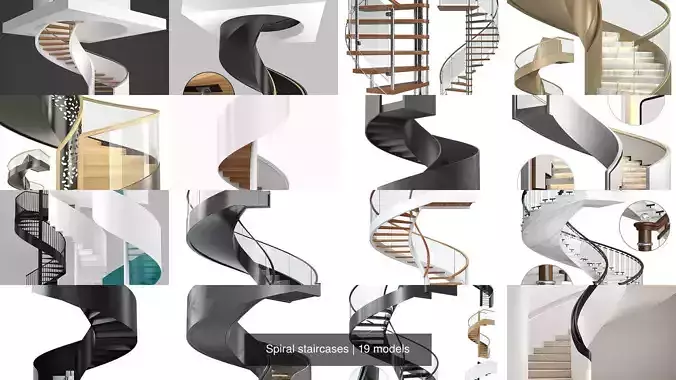 Spiral staircases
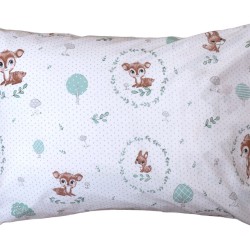 Μαξιλαροθήκες Παιδικές Σετ 32 Cotton Viopros (50x70) 2Τεμ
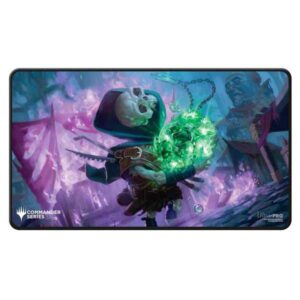 Playmat Magic the Gathering Commander Series Tinybones, Trinket Thief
- - - -
- **Task**
With pictures left out, transcribe each line from the one containing "Μαξιλαροθήκες Παιδικές Σετ" through the end of the data, both ends included.

- **Answer space**
 Μαξιλαροθήκες Παιδικές Σετ 32 Cotton Viopros (50x70) 2Τεμ
 Playmat Magic the Gathering Commander Series Tinybones, Trinket Thief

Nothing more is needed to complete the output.